**Data provided:**
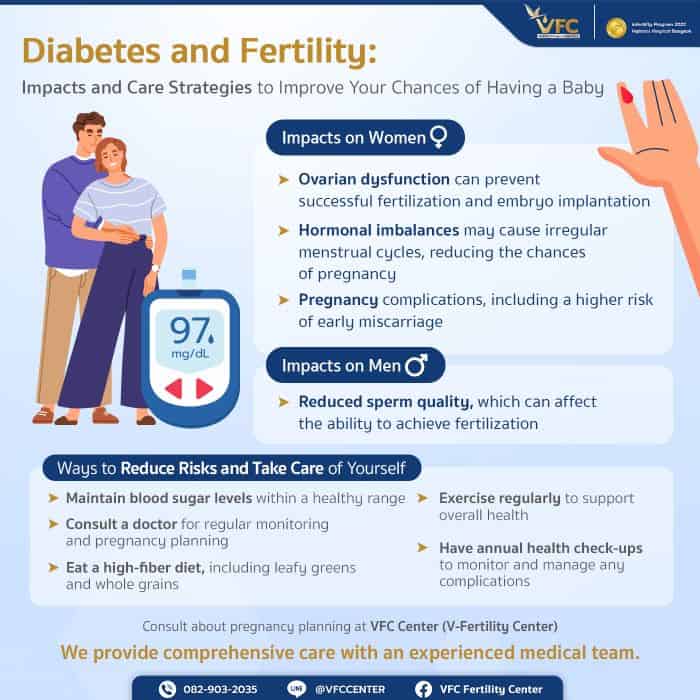 Infographic showing the impact of diabetes on fertility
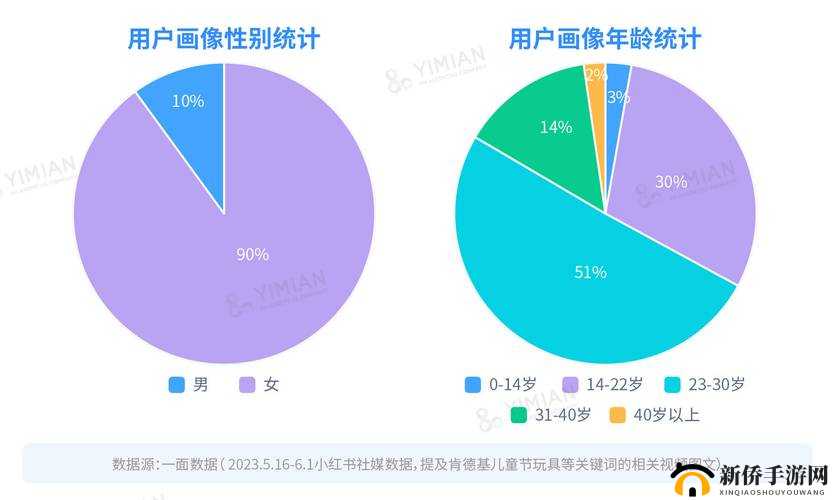14 岁可以买入体的小玩具吗：青少年消费的边界探讨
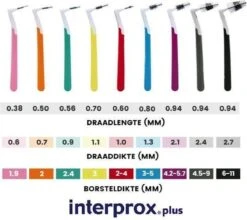 Interprox Plus Super Micro Flosdraad - 2 Mm - 6 Stuks 25 Interprox Plus Super Micro Flosdraad - 2 Mm - 6 Stuks -Verzorgingsproducten 1200x1069 4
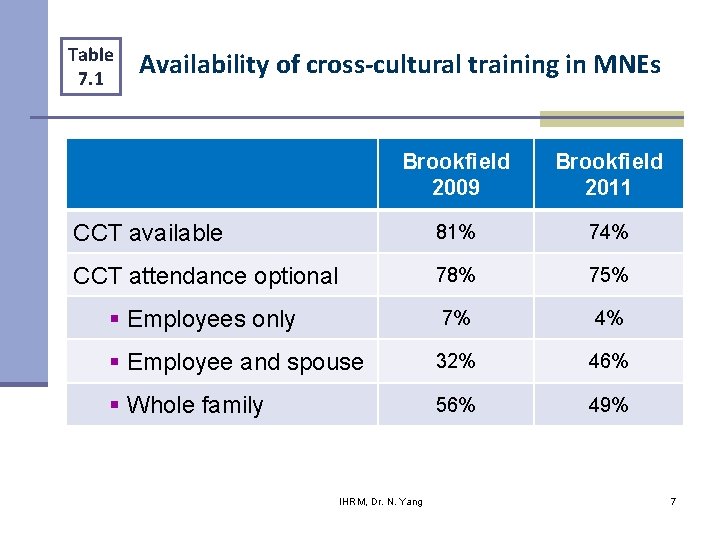 Table 7. 1 Availability of cross-cultural training in MNEs Brookfield 2009 Brookfield 2011 CCT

**Aim of the task:**
Each line from the line containing "14 岁可以买入体的小玩具吗：青少年消费的边界探讨" through the last line above must be written out exactly, and every picture must be omitted.

**Reply:**
14 岁可以买入体的小玩具吗：青少年消费的边界探讨
 Interprox Plus Super Micro Flosdraad - 2 Mm - 6 Stuks 25 Interprox Plus Super Micro Flosdraad - 2 Mm - 6 Stuks -Verzorgingsproducten 1200x1069 4
 Table 7. 1 Availability of cross-cultural training in MNEs Brookfield 2009 Brookfield 2011 CCT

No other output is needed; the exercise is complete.